In July 2017, son Sasha died in St Petersburg while on holiday with a girlfriend.
Family told the BBC he was rushed to the hospital and died of sudden liver failure – they believe it might have been suspicious.
Skripal himself was diagnosed with type 1 diabetes and took insulin daily.
In the summer of 2015, Yulia went back to Moscow, possibly to be with a boyfriend, but kept in touch with her father over Skype.
Sergei’s elder brother also died in 2016 after losing weight.
With his family gone, a friend said Sergei made the best of the situation.
He would eat Russian dumplings called Pelmeni while playing World War II tank games on his computer.

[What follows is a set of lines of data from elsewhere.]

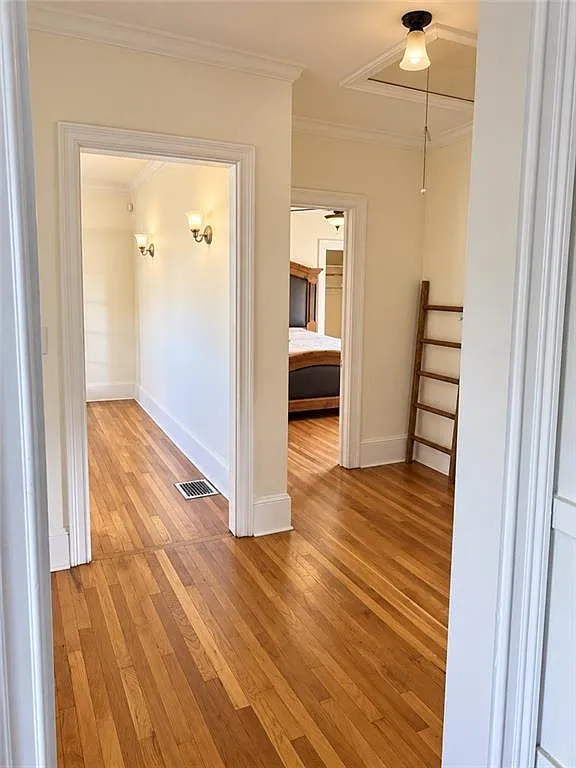 3 bed, 2.0 bath, 1548 sqft, $2,200 — Photo 3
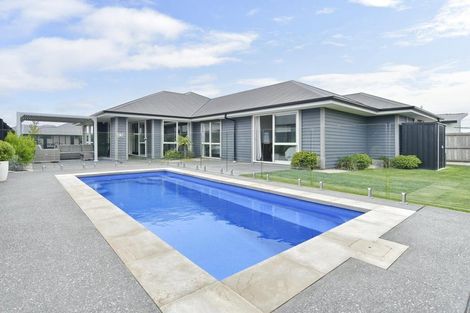 Photo of property in 56 Watkins Drive, Rangiora, 7400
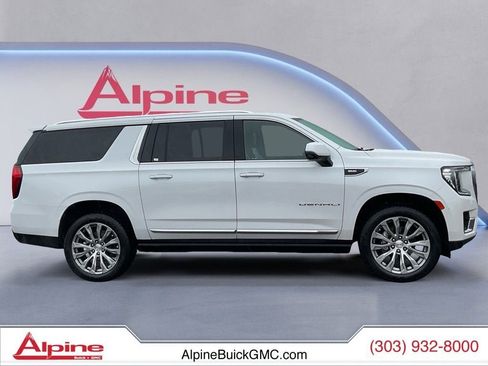 Certified 2022 GMC Yukon XL Denali w/ Denali Ultimate Package AWD/4WD image 6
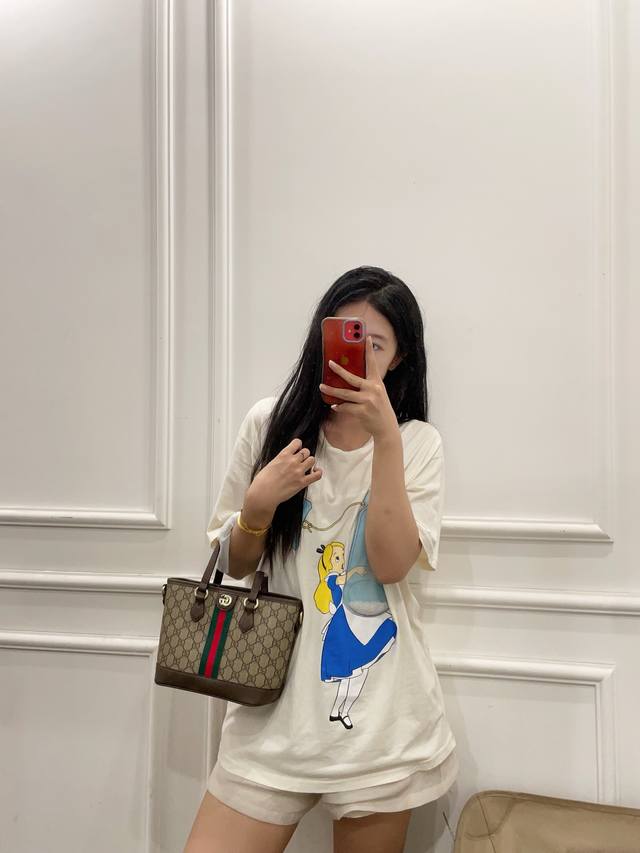 礼盒包装 酷奇托特 Gucci经典的老花加双G字母 Gucci酷奇Ophidia托特包购物袋休闲时尚 酷飒十足红绿条纹融合与一身浅棕色帆布复古感特别浓郁特别适合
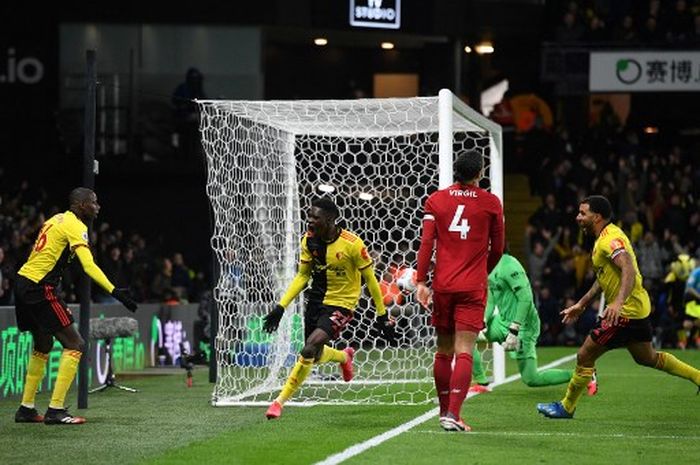Virgil van Dijk (4) menyaksikan gawang Liverpool dijebol 3 kali oleh Watford dalam laga Liga Inggris, 29 Februari 2020 di Vicarage Road.
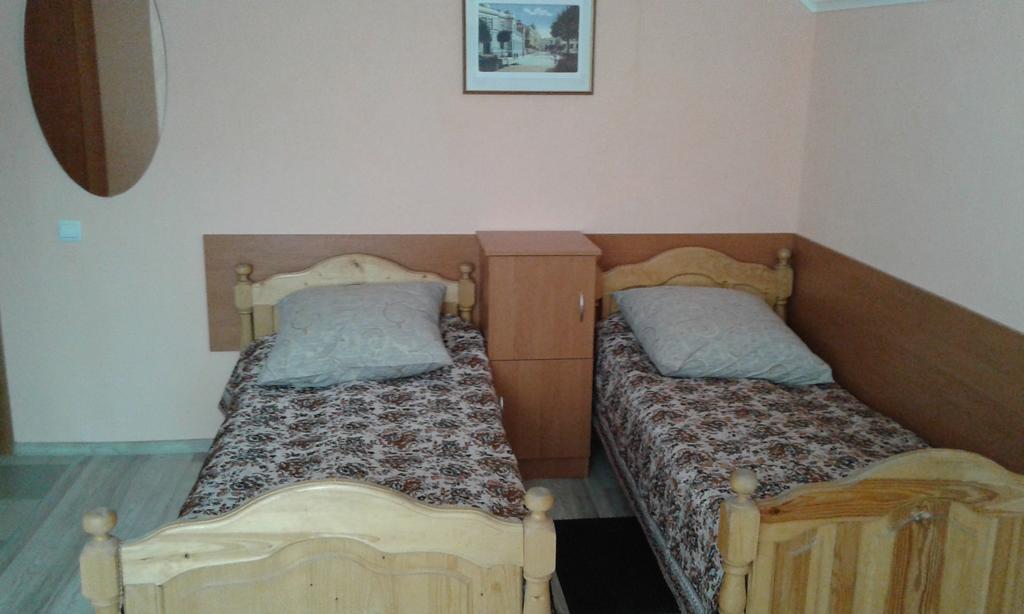Hostel On Flotska Ιβανό-Φρανκίβσκ Δωμάτιο φωτογραφία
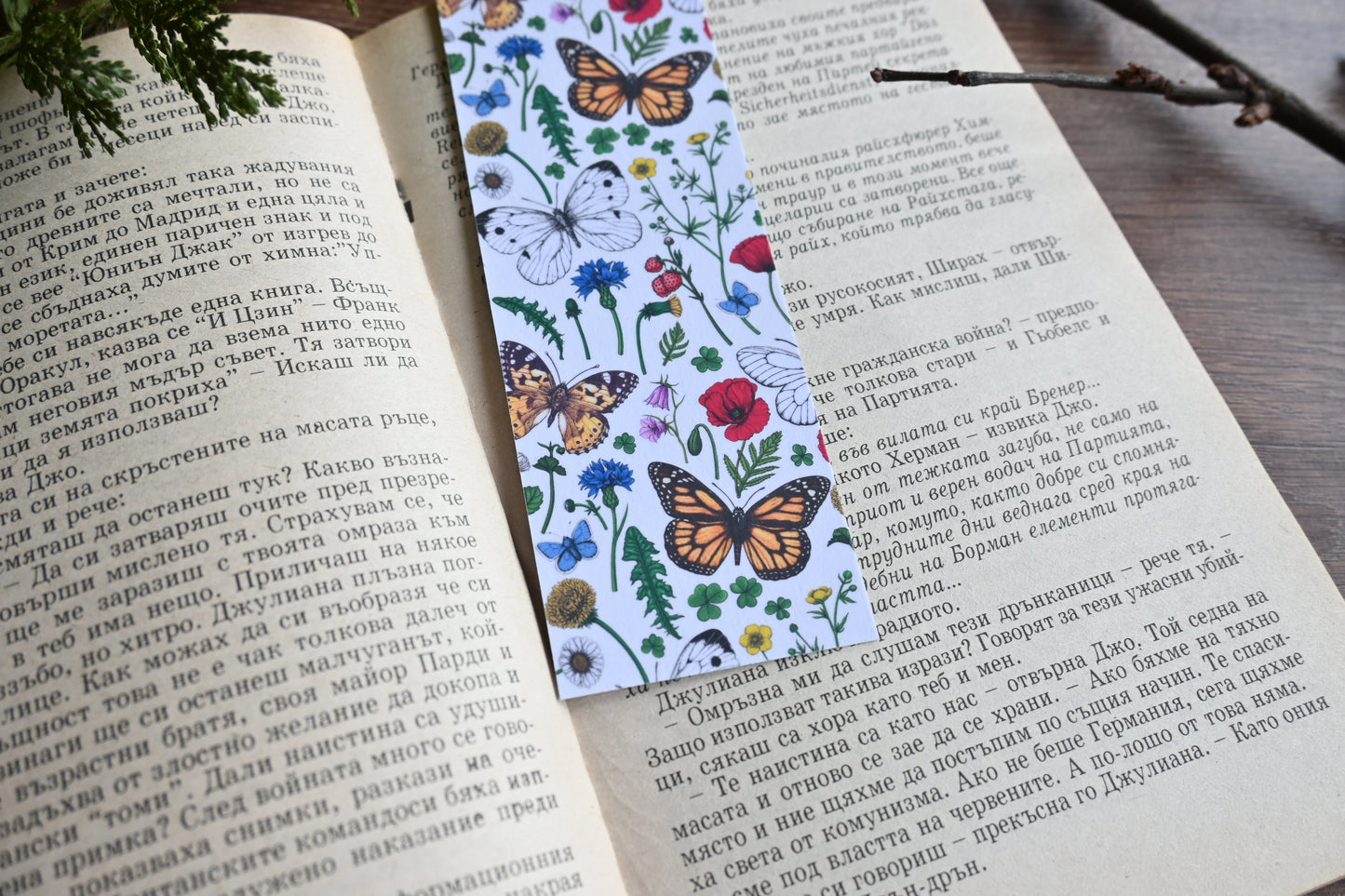 Wildflowers and butterflies pattern Bookmark - katerinamitkova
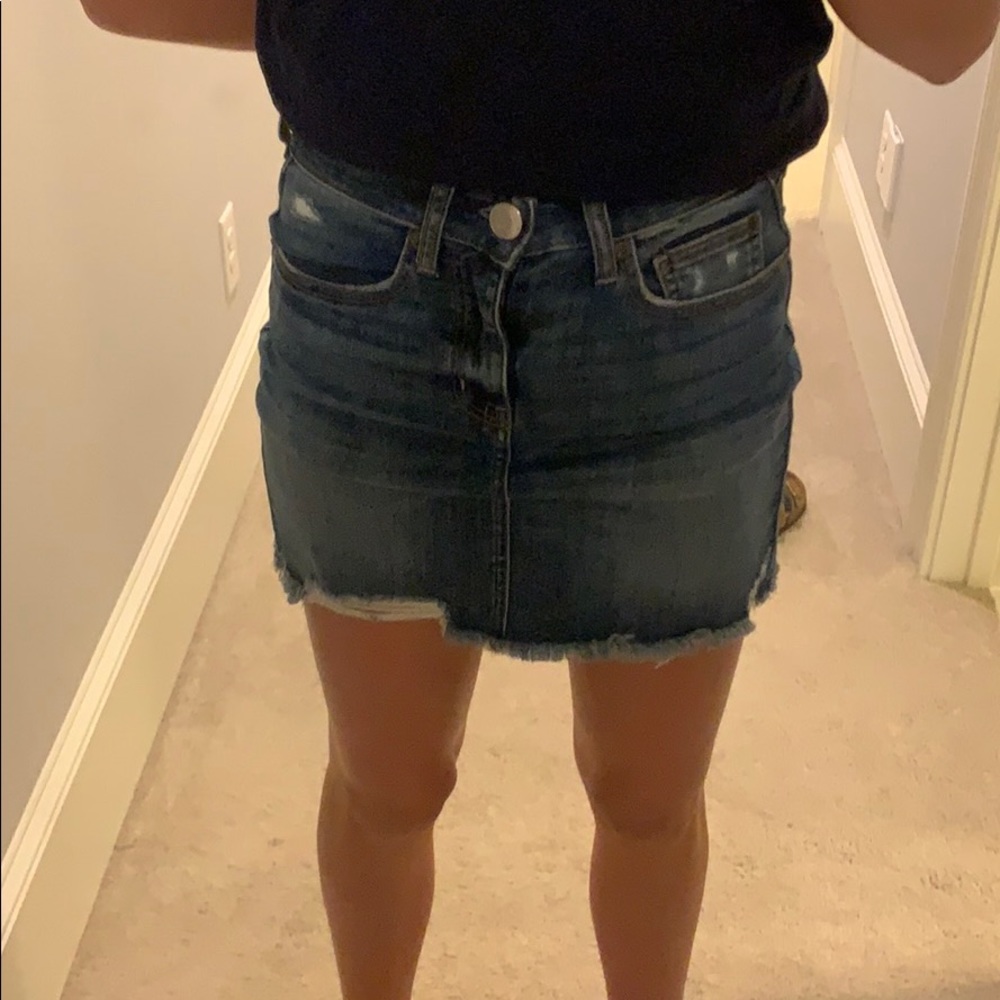 skirt - Picture 2 of 2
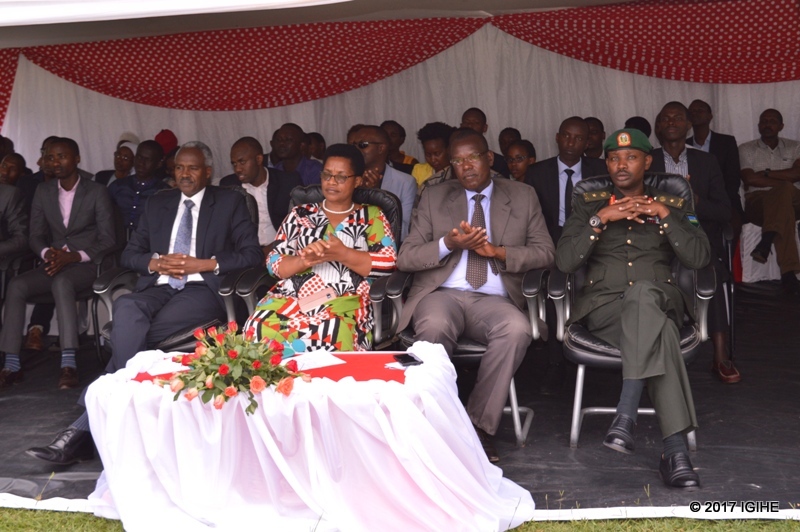 Officials joined students to celebrate the 20th anniversary of AERG-Huye Campus yesterday.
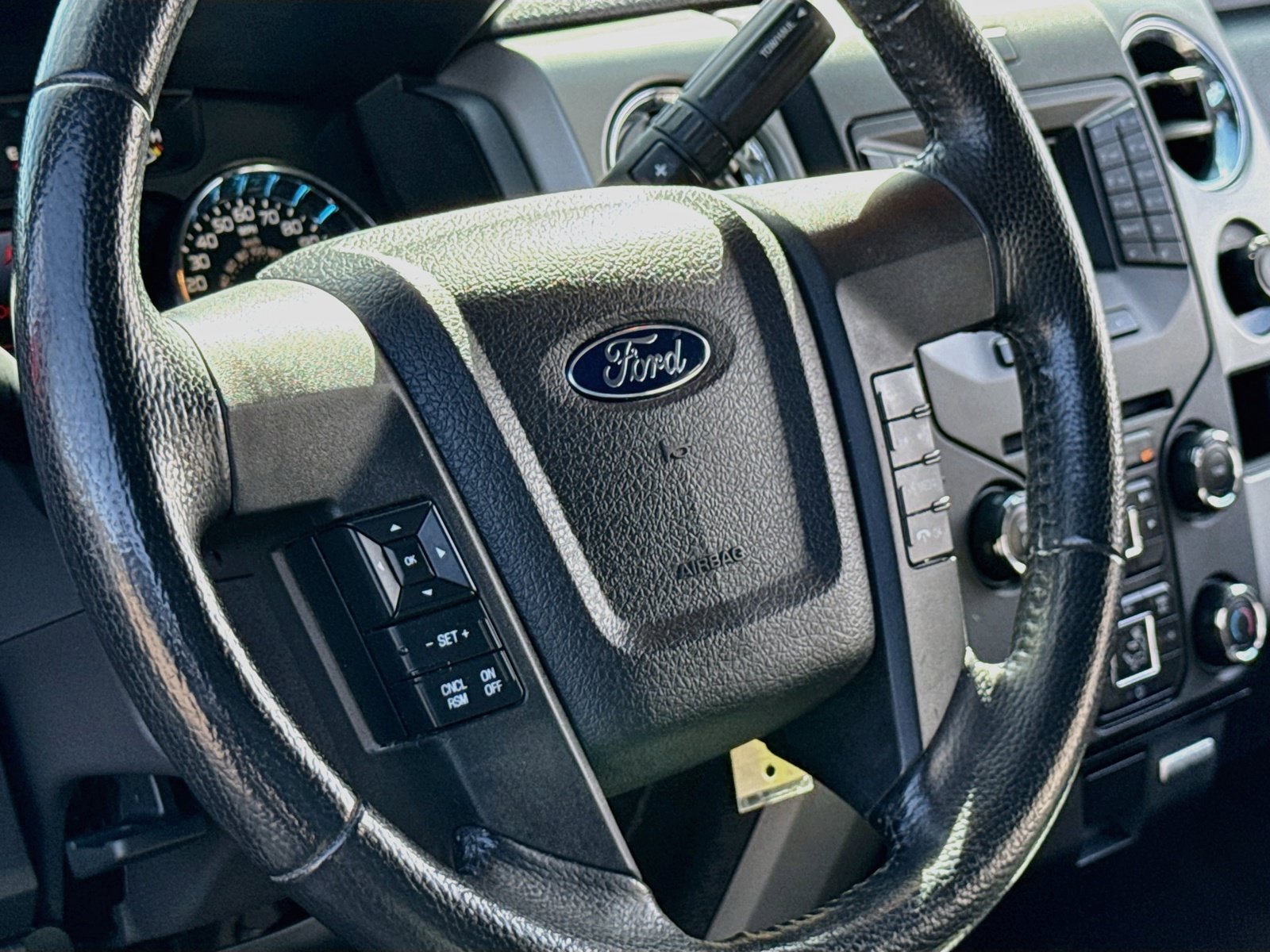 Used 2014 Ford F150 XLT w/ XLT Chrome Package AWD/4WD image 13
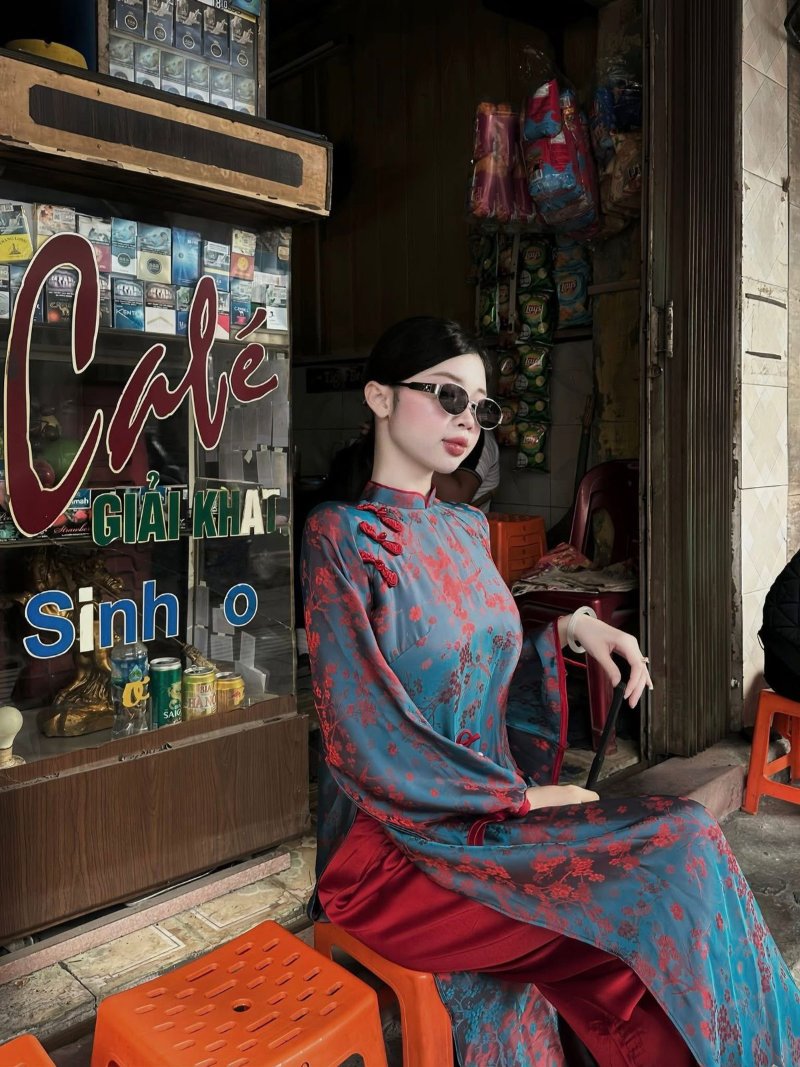 Ảnh chụp Tết concept trà đá vỉa hè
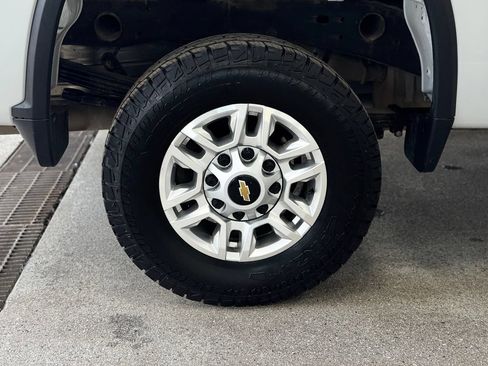 Used 2025 Chevrolet Silverado 2500 LT w/ Convenience Package AWD/4WD image 26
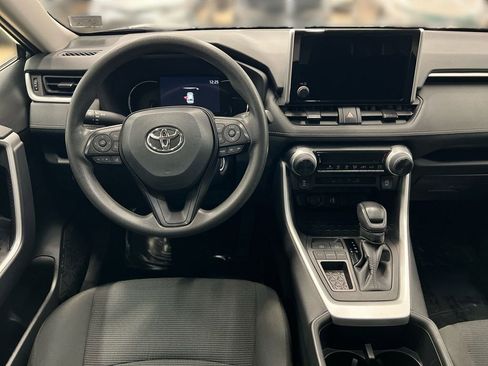 Used 2024 Toyota RAV4 LE image 20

Friends say he would have been pleased to see his daughter as she arrived for her recent visit.
It was a visit which would end with both of them lying in a critical condition in hospital beds following their poisoning with a nerve agent.
Skripal once told a close friend that in the darkest days of the labour camp he kept his mind healthy by building a home in his imagination.
His friends hope that same trick may be working for him now as he fights for his life.